Source material:
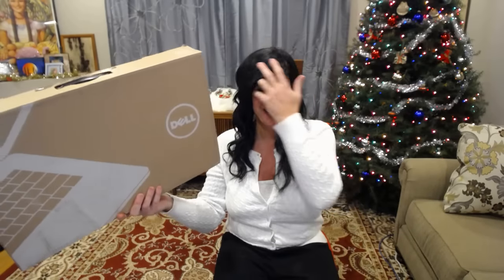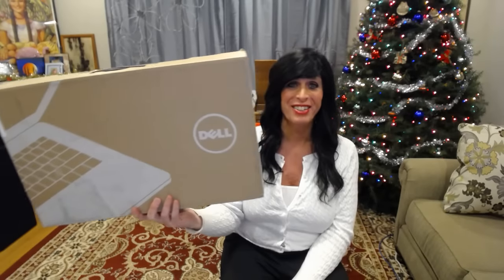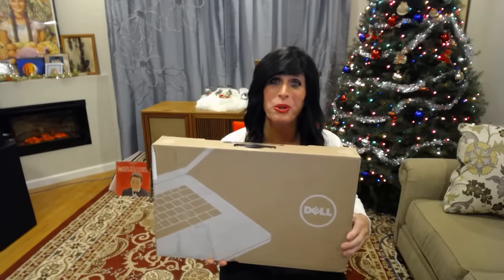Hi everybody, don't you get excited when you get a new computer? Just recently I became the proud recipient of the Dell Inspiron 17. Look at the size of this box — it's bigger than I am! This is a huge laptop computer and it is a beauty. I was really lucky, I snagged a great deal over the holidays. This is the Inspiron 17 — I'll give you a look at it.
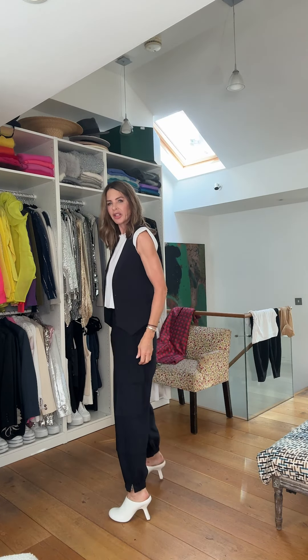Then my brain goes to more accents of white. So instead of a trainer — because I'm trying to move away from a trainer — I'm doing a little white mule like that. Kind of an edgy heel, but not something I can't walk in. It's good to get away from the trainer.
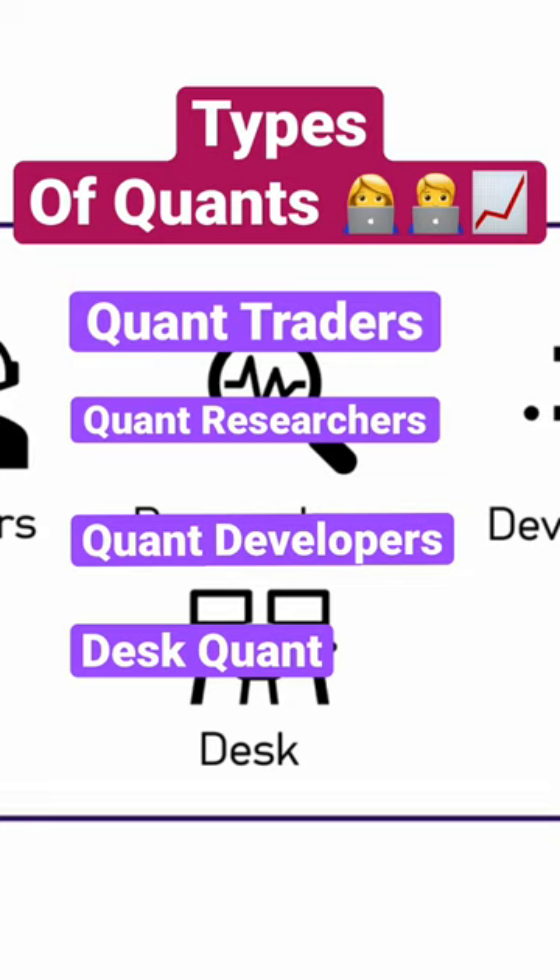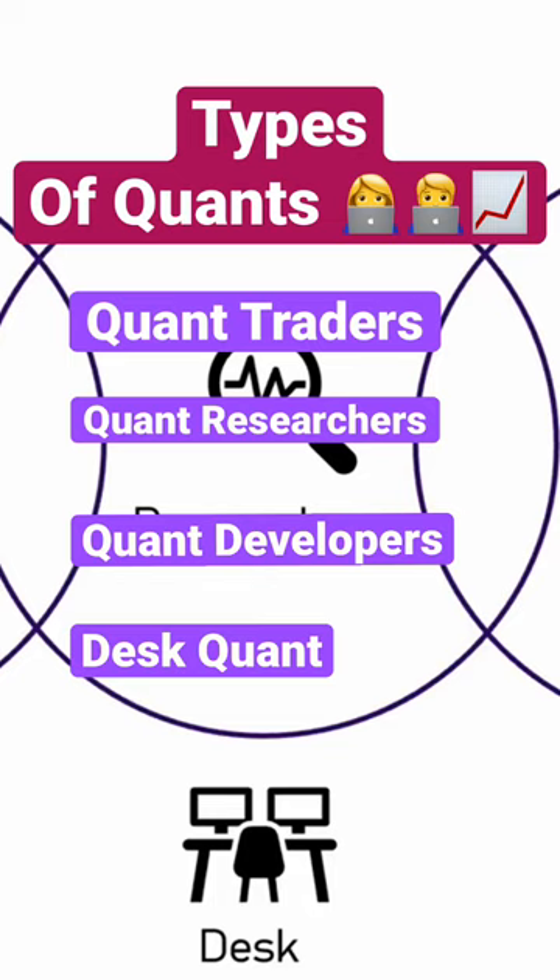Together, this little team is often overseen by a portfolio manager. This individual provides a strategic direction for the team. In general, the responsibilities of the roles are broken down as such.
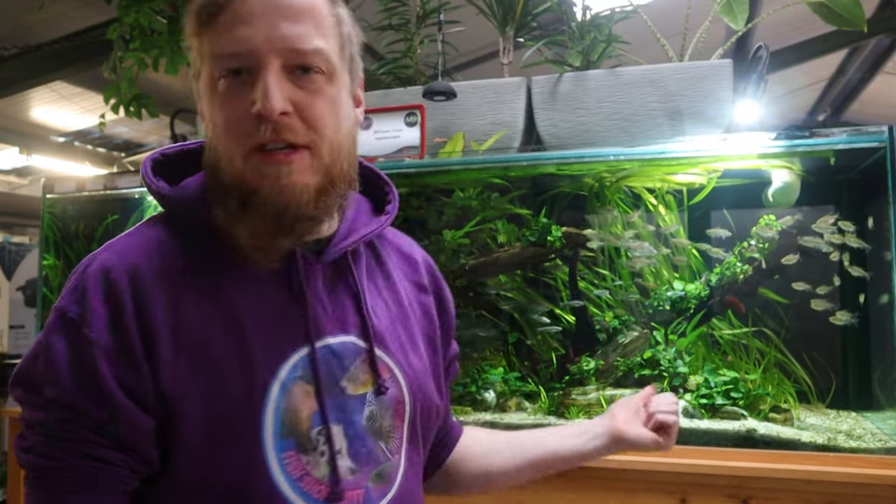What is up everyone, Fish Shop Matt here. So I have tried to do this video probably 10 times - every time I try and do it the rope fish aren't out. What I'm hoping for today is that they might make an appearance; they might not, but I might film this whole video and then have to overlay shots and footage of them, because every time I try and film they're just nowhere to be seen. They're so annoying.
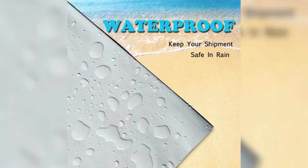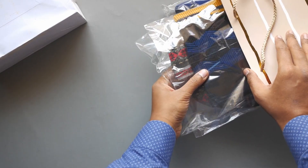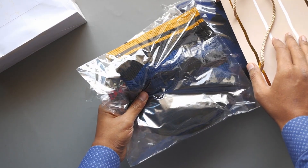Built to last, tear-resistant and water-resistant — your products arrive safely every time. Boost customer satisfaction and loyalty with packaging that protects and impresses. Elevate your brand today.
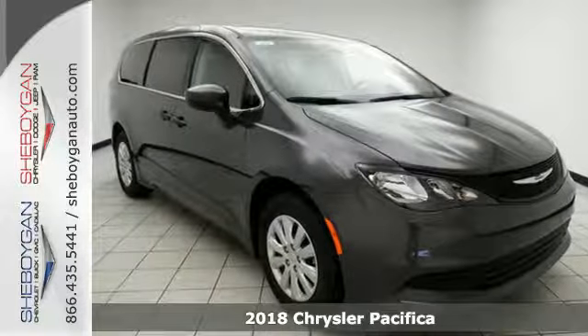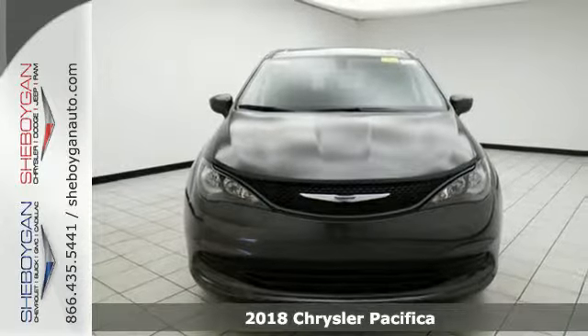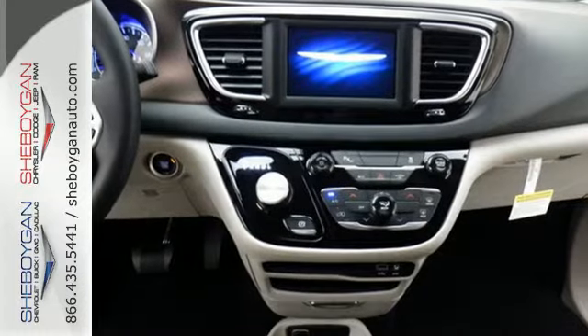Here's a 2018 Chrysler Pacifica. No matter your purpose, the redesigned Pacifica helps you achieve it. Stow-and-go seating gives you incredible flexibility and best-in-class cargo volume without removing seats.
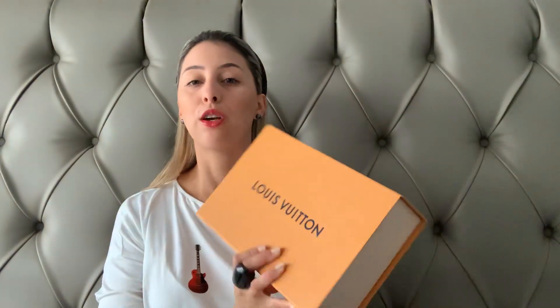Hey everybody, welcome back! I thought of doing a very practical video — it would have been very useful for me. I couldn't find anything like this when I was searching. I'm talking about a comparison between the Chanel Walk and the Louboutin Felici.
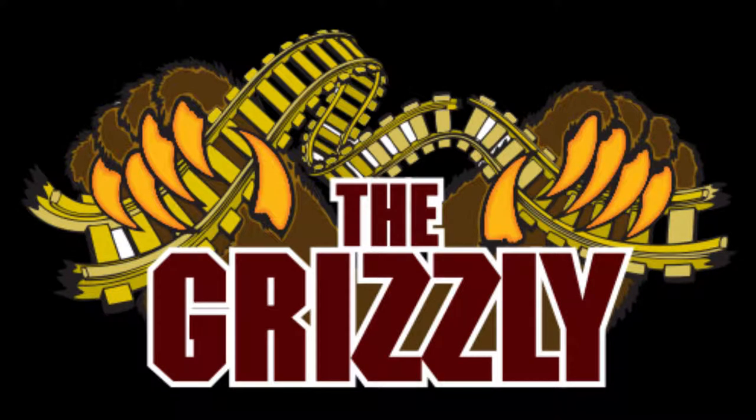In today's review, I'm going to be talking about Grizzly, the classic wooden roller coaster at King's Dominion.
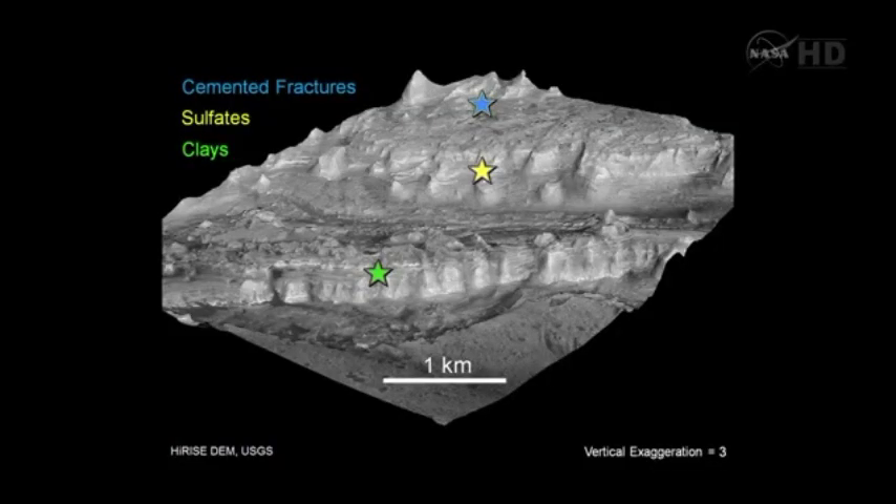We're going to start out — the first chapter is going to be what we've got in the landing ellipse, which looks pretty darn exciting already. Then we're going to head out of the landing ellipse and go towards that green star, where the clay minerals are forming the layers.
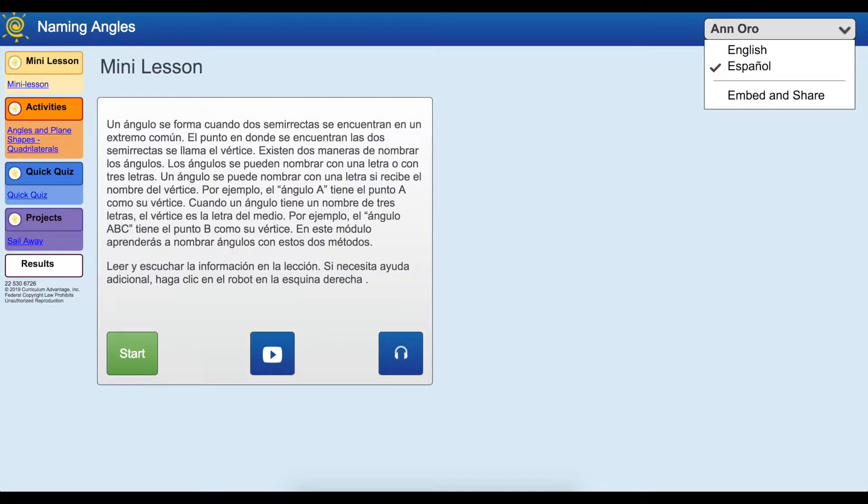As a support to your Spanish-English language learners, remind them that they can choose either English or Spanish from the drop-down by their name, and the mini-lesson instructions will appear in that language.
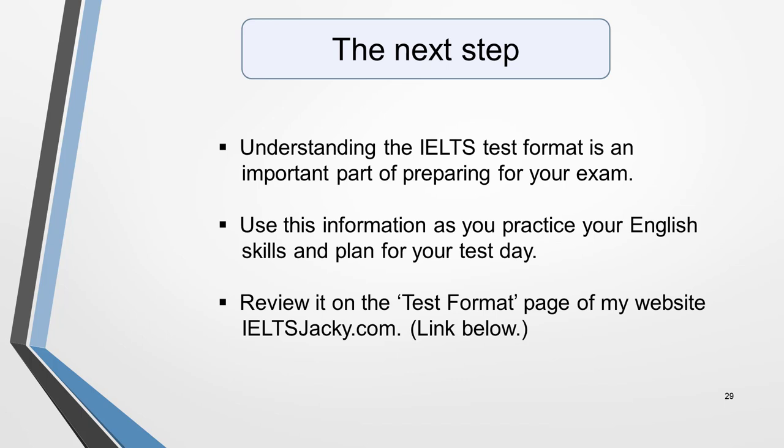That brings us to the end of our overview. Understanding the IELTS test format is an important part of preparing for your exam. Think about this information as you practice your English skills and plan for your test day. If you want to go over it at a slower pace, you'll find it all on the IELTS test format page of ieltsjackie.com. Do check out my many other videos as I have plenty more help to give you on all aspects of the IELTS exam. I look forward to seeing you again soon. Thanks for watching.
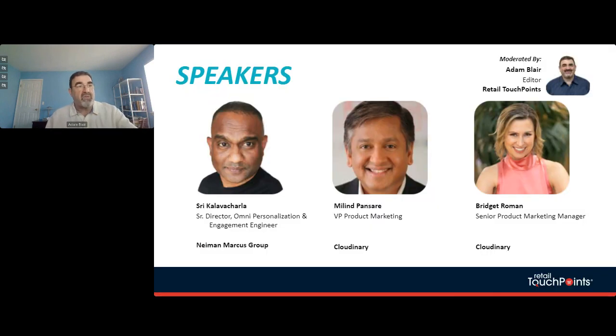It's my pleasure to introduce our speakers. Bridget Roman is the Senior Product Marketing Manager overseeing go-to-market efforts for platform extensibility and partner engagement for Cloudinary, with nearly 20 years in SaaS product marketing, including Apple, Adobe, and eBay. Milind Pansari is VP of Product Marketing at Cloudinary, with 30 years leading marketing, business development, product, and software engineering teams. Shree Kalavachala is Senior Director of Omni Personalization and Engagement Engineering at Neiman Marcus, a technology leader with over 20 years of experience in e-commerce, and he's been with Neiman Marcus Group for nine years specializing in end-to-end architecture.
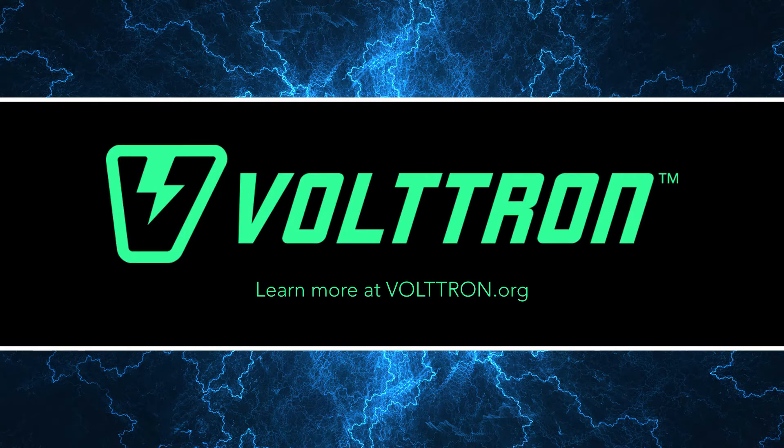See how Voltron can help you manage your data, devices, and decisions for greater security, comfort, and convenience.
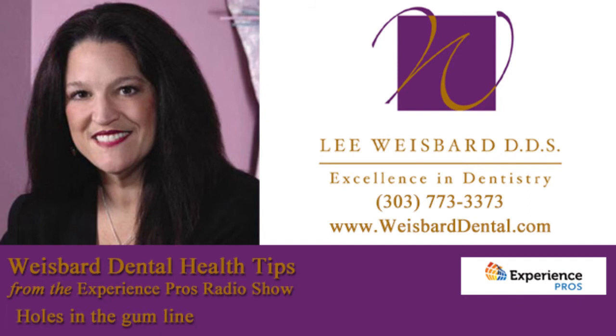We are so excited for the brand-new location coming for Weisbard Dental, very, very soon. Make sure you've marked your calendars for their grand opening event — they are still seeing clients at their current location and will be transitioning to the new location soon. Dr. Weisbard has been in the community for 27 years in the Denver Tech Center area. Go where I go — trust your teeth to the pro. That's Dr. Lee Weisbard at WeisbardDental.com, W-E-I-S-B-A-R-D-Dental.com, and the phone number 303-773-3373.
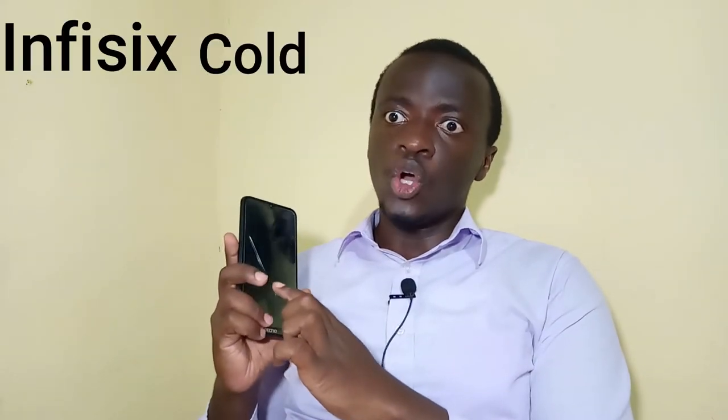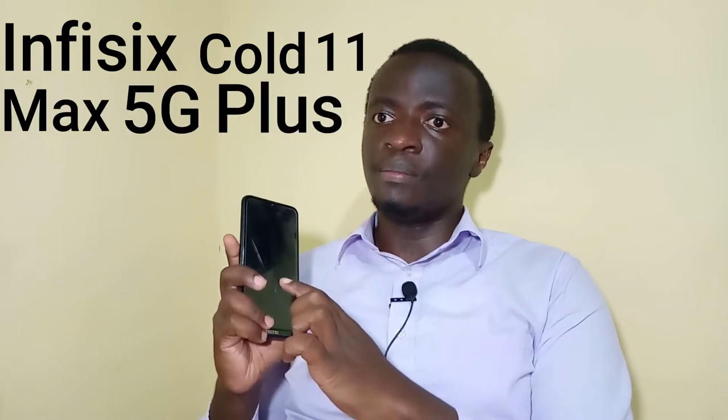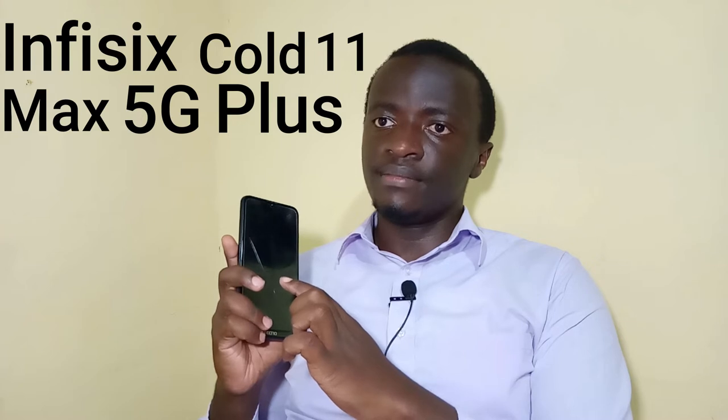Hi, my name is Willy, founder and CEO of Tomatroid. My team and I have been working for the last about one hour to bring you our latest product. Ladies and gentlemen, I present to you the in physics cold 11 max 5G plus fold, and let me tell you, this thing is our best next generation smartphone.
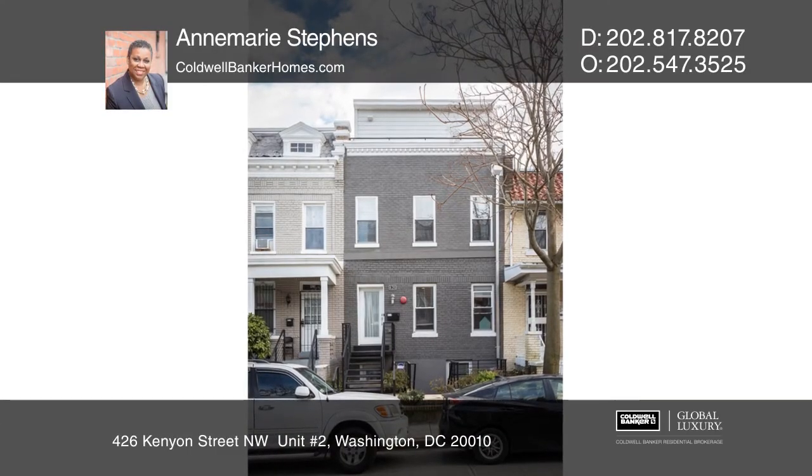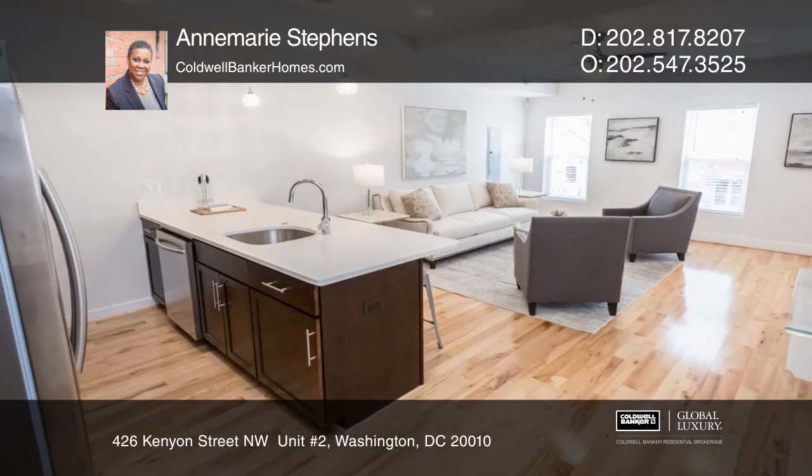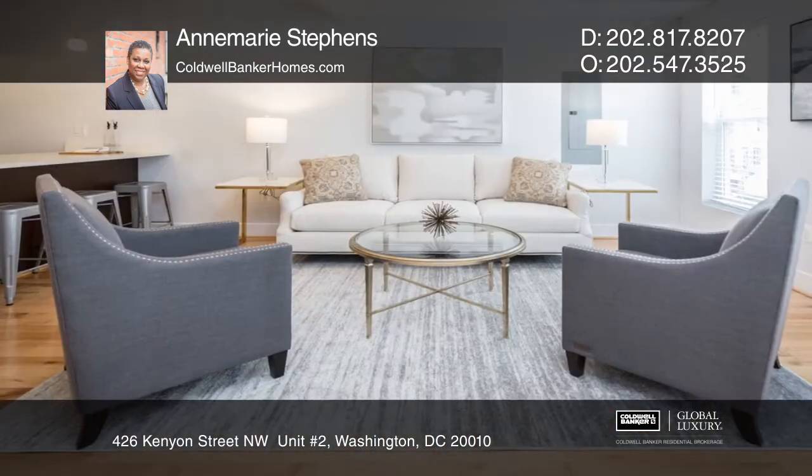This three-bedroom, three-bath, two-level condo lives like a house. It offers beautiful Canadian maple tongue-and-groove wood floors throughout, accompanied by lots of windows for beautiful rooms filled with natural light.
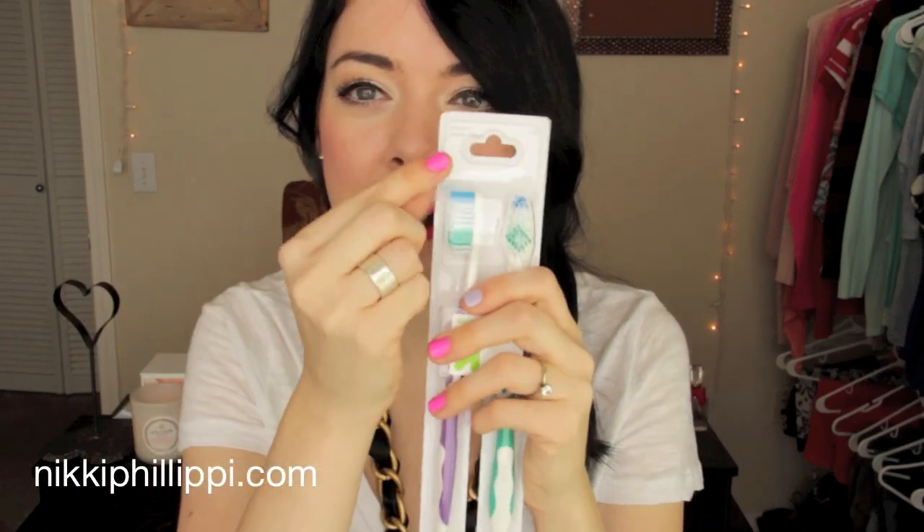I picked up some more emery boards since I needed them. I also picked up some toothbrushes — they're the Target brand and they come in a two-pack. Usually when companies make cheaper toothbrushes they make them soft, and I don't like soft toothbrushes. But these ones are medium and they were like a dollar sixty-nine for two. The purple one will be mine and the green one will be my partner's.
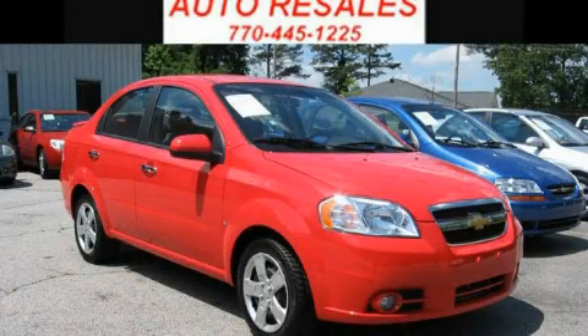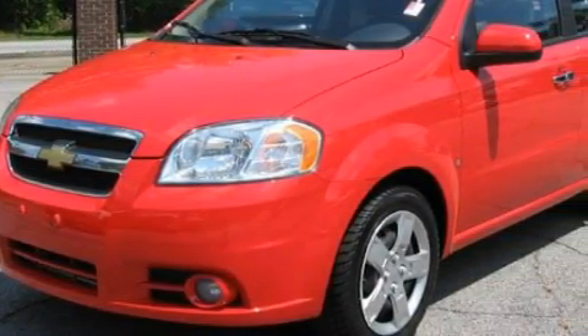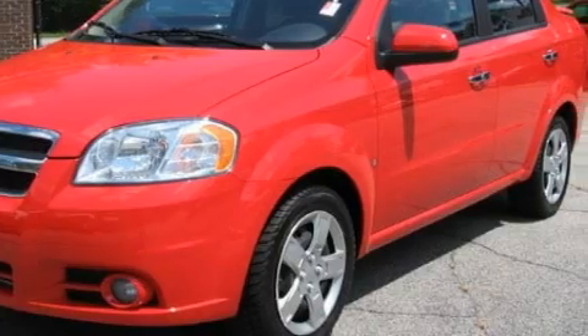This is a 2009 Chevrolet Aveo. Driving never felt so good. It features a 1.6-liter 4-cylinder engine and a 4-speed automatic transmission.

Task to complete: All pictures are to be skipped; the lines from the first line of the records through the line containing "Together, this little" are to be repeated exactly, both ends included.

Result below:
Hi everybody, don't you get excited when you get a new computer? Just recently I became the proud recipient of the Dell Inspiron 17. Look at the size of this box — it's bigger than I am! This is a huge laptop computer and it is a beauty. I was really lucky, I snagged a great deal over the holidays. This is the Inspiron 17 — I'll give you a look at it.
Then my brain goes to more accents of white. So instead of a trainer — because I'm trying to move away from a trainer — I'm doing a little white mule like that. Kind of an edgy heel, but not something I can't walk in. It's good to get away from the trainer.
Together, this little team is often overseen by a portfolio manager. This individual provides a strategic direction for the team. In general, the responsibilities of the roles are broken down as such.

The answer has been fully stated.